## EXERCISE DIRECTIONS
Write the material out again, line by line, exactly as it is.

-------- RECORDS PROVIDED

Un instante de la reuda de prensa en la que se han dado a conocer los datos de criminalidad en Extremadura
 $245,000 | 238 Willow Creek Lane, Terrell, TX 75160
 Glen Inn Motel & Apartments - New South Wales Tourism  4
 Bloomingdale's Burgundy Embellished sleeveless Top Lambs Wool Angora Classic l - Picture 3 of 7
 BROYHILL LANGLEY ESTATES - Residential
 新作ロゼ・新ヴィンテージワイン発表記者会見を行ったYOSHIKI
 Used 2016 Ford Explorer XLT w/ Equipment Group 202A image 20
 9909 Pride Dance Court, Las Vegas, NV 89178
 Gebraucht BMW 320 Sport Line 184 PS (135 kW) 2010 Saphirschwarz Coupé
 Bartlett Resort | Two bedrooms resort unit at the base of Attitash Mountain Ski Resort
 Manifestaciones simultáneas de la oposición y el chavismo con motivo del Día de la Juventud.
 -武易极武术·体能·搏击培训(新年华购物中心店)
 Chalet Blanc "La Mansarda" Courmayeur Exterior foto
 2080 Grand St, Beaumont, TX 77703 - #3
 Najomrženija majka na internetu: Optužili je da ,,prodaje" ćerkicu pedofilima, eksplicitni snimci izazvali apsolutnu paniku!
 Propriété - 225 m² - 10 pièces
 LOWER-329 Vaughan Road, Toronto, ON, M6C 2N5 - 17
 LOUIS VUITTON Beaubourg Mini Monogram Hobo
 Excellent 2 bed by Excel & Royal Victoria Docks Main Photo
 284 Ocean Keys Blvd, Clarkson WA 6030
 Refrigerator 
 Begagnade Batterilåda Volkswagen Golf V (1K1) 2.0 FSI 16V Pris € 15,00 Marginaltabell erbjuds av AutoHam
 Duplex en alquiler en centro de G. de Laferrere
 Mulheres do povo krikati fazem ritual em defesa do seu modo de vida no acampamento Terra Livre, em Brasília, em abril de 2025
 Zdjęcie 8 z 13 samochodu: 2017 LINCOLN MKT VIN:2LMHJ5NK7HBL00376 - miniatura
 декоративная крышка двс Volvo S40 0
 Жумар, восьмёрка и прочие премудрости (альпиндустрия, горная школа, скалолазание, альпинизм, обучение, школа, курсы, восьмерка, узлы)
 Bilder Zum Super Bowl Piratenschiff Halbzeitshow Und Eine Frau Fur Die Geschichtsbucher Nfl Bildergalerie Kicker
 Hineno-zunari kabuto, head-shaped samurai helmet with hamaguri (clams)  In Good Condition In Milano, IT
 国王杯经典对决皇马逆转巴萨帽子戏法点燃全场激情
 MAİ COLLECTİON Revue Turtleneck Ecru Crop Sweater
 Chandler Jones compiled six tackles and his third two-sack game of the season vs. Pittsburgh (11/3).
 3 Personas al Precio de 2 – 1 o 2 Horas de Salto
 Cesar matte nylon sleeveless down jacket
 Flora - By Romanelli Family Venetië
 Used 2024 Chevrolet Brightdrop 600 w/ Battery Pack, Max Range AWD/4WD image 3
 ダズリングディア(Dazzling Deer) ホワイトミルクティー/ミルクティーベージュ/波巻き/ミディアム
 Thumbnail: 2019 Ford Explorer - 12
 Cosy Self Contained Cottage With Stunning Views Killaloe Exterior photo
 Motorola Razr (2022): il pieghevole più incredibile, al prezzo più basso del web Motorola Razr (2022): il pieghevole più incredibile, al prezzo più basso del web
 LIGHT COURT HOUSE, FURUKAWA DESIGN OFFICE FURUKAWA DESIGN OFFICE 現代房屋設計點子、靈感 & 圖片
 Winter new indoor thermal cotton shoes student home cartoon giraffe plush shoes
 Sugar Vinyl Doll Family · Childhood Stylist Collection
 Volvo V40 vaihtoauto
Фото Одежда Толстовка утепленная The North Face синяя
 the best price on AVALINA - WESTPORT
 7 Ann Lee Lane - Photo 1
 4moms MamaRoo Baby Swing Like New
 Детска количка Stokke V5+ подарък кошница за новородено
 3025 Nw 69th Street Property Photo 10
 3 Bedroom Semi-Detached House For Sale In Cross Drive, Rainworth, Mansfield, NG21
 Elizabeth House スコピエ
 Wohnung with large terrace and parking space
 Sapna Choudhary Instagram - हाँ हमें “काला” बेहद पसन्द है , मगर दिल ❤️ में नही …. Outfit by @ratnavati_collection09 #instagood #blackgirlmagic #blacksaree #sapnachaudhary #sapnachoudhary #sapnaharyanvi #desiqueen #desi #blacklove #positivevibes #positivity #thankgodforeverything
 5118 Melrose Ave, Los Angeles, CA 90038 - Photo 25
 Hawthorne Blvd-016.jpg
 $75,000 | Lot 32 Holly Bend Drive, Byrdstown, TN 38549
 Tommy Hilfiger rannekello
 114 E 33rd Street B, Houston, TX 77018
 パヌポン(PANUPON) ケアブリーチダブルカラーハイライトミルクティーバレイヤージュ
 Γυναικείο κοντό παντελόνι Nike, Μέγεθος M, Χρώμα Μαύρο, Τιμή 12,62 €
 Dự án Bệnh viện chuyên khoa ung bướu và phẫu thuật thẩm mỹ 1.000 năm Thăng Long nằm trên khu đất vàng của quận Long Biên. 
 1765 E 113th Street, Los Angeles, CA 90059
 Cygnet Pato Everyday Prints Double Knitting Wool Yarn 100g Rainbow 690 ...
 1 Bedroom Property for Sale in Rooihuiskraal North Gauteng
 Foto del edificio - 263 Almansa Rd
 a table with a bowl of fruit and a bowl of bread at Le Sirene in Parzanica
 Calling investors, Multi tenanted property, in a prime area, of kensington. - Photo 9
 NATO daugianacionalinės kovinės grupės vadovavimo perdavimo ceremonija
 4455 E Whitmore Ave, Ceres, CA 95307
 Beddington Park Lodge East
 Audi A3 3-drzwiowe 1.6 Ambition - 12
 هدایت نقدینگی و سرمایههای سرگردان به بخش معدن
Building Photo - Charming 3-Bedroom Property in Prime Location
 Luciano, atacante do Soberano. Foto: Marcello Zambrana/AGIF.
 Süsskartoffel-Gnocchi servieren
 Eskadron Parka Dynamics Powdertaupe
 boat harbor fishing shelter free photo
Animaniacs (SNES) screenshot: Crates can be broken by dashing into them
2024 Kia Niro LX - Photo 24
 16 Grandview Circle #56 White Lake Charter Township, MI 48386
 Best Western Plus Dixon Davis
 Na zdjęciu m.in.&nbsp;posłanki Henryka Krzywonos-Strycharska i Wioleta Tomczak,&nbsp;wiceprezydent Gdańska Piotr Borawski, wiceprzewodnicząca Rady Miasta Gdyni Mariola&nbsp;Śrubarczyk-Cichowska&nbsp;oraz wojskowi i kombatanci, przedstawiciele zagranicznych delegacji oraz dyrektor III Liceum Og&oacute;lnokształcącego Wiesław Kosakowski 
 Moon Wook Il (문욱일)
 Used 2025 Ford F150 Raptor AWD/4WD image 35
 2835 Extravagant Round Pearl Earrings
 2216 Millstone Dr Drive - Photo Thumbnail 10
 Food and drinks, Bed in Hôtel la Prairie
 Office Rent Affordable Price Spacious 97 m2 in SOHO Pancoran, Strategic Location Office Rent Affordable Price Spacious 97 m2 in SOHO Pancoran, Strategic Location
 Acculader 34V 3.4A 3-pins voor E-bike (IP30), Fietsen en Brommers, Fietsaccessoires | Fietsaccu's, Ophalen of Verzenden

----------------

## YOUR RESPONSE
Un instante de la reuda de prensa en la que se han dado a conocer los datos de criminalidad en Extremadura
 $245,000 | 238 Willow Creek Lane, Terrell, TX 75160
 Glen Inn Motel & Apartments - New South Wales Tourism  4
 Bloomingdale's Burgundy Embellished sleeveless Top Lambs Wool Angora Classic l - Picture 3 of 7
 BROYHILL LANGLEY ESTATES - Residential
 新作ロゼ・新ヴィンテージワイン発表記者会見を行ったYOSHIKI
 Used 2016 Ford Explorer XLT w/ Equipment Group 202A image 20
 9909 Pride Dance Court, Las Vegas, NV 89178
 Gebraucht BMW 320 Sport Line 184 PS (135 kW) 2010 Saphirschwarz Coupé
 Bartlett Resort | Two bedrooms resort unit at the base of Attitash Mountain Ski Resort
 Manifestaciones simultáneas de la oposición y el chavismo con motivo del Día de la Juventud.
 -武易极武术·体能·搏击培训(新年华购物中心店)
 Chalet Blanc "La Mansarda" Courmayeur Exterior foto
 2080 Grand St, Beaumont, TX 77703 - #3
 Najomrženija majka na internetu: Optužili je da ,,prodaje" ćerkicu pedofilima, eksplicitni snimci izazvali apsolutnu paniku!
 Propriété - 225 m² - 10 pièces
 LOWER-329 Vaughan Road, Toronto, ON, M6C 2N5 - 17
 LOUIS VUITTON Beaubourg Mini Monogram Hobo
 Excellent 2 bed by Excel & Royal Victoria Docks Main Photo
 284 Ocean Keys Blvd, Clarkson WA 6030
 Refrigerator 
 Begagnade Batterilåda Volkswagen Golf V (1K1) 2.0 FSI 16V Pris € 15,00 Marginaltabell erbjuds av AutoHam
 Duplex en alquiler en centro de G. de Laferrere
 Mulheres do povo krikati fazem ritual em defesa do seu modo de vida no acampamento Terra Livre, em Brasília, em abril de 2025
 Zdjęcie 8 z 13 samochodu: 2017 LINCOLN MKT VIN:2LMHJ5NK7HBL00376 - miniatura
 декоративная крышка двс Volvo S40 0
 Жумар, восьмёрка и прочие премудрости (альпиндустрия, горная школа, скалолазание, альпинизм, обучение, школа, курсы, восьмерка, узлы)
 Bilder Zum Super Bowl Piratenschiff Halbzeitshow Und Eine Frau Fur Die Geschichtsbucher Nfl Bildergalerie Kicker
 Hineno-zunari kabuto, head-shaped samurai helmet with hamaguri (clams)  In Good Condition In Milano, IT
 国王杯经典对决皇马逆转巴萨帽子戏法点燃全场激情
 MAİ COLLECTİON Revue Turtleneck Ecru Crop Sweater
 Chandler Jones compiled six tackles and his third two-sack game of the season vs. Pittsburgh (11/3).
 3 Personas al Precio de 2 – 1 o 2 Horas de Salto
 Cesar matte nylon sleeveless down jacket
 Flora - By Romanelli Family Venetië
 Used 2024 Chevrolet Brightdrop 600 w/ Battery Pack, Max Range AWD/4WD image 3
 ダズリングディア(Dazzling Deer) ホワイトミルクティー/ミルクティーベージュ/波巻き/ミディアム
 Thumbnail: 2019 Ford Explorer - 12
 Cosy Self Contained Cottage With Stunning Views Killaloe Exterior photo
 Motorola Razr (2022): il pieghevole più incredibile, al prezzo più basso del web Motorola Razr (2022): il pieghevole più incredibile, al prezzo più basso del web
 LIGHT COURT HOUSE, FURUKAWA DESIGN OFFICE FURUKAWA DESIGN OFFICE 現代房屋設計點子、靈感 & 圖片
 Winter new indoor thermal cotton shoes student home cartoon giraffe plush shoes
 Sugar Vinyl Doll Family · Childhood Stylist Collection
 Volvo V40 vaihtoauto
Фото Одежда Толстовка утепленная The North Face синяя
 the best price on AVALINA - WESTPORT
 7 Ann Lee Lane - Photo 1
 4moms MamaRoo Baby Swing Like New
 Детска количка Stokke V5+ подарък кошница за новородено
 3025 Nw 69th Street Property Photo 10
 3 Bedroom Semi-Detached House For Sale In Cross Drive, Rainworth, Mansfield, NG21
 Elizabeth House スコピエ
 Wohnung with large terrace and parking space
 Sapna Choudhary Instagram - हाँ हमें “काला” बेहद पसन्द है , मगर दिल ❤️ में नही …. Outfit by @ratnavati_collection09 #instagood #blackgirlmagic #blacksaree #sapnachaudhary #sapnachoudhary #sapnaharyanvi #desiqueen #desi #blacklove #positivevibes #positivity #thankgodforeverything
 5118 Melrose Ave, Los Angeles, CA 90038 - Photo 25
 Hawthorne Blvd-016.jpg
 $75,000 | Lot 32 Holly Bend Drive, Byrdstown, TN 38549
 Tommy Hilfiger rannekello
 114 E 33rd Street B, Houston, TX 77018
 パヌポン(PANUPON) ケアブリーチダブルカラーハイライトミルクティーバレイヤージュ
 Γυναικείο κοντό παντελόνι Nike, Μέγεθος M, Χρώμα Μαύρο, Τιμή 12,62 €
 Dự án Bệnh viện chuyên khoa ung bướu và phẫu thuật thẩm mỹ 1.000 năm Thăng Long nằm trên khu đất vàng của quận Long Biên. 
 1765 E 113th Street, Los Angeles, CA 90059
 Cygnet Pato Everyday Prints Double Knitting Wool Yarn 100g Rainbow 690 ...
 1 Bedroom Property for Sale in Rooihuiskraal North Gauteng
 Foto del edificio - 263 Almansa Rd
 a table with a bowl of fruit and a bowl of bread at Le Sirene in Parzanica
 Calling investors, Multi tenanted property, in a prime area, of kensington. - Photo 9
 NATO daugianacionalinės kovinės grupės vadovavimo perdavimo ceremonija
 4455 E Whitmore Ave, Ceres, CA 95307
 Beddington Park Lodge East
 Audi A3 3-drzwiowe 1.6 Ambition - 12
 هدایت نقدینگی و سرمایههای سرگردان به بخش معدن
Building Photo - Charming 3-Bedroom Property in Prime Location
 Luciano, atacante do Soberano. Foto: Marcello Zambrana/AGIF.
 Süsskartoffel-Gnocchi servieren
 Eskadron Parka Dynamics Powdertaupe
 boat harbor fishing shelter free photo
Animaniacs (SNES) screenshot: Crates can be broken by dashing into them
2024 Kia Niro LX - Photo 24
 16 Grandview Circle #56 White Lake Charter Township, MI 48386
 Best Western Plus Dixon Davis
 Na zdjęciu m.in.&nbsp;posłanki Henryka Krzywonos-Strycharska i Wioleta Tomczak,&nbsp;wiceprezydent Gdańska Piotr Borawski, wiceprzewodnicząca Rady Miasta Gdyni Mariola&nbsp;Śrubarczyk-Cichowska&nbsp;oraz wojskowi i kombatanci, przedstawiciele zagranicznych delegacji oraz dyrektor III Liceum Og&oacute;lnokształcącego Wiesław Kosakowski 
 Moon Wook Il (문욱일)
 Used 2025 Ford F150 Raptor AWD/4WD image 35
 2835 Extravagant Round Pearl Earrings
 2216 Millstone Dr Drive - Photo Thumbnail 10
 Food and drinks, Bed in Hôtel la Prairie
 Office Rent Affordable Price Spacious 97 m2 in SOHO Pancoran, Strategic Location Office Rent Affordable Price Spacious 97 m2 in SOHO Pancoran, Strategic Location
 Acculader 34V 3.4A 3-pins voor E-bike (IP30), Fietsen en Brommers, Fietsaccessoires | Fietsaccu's, Ophalen of Verzenden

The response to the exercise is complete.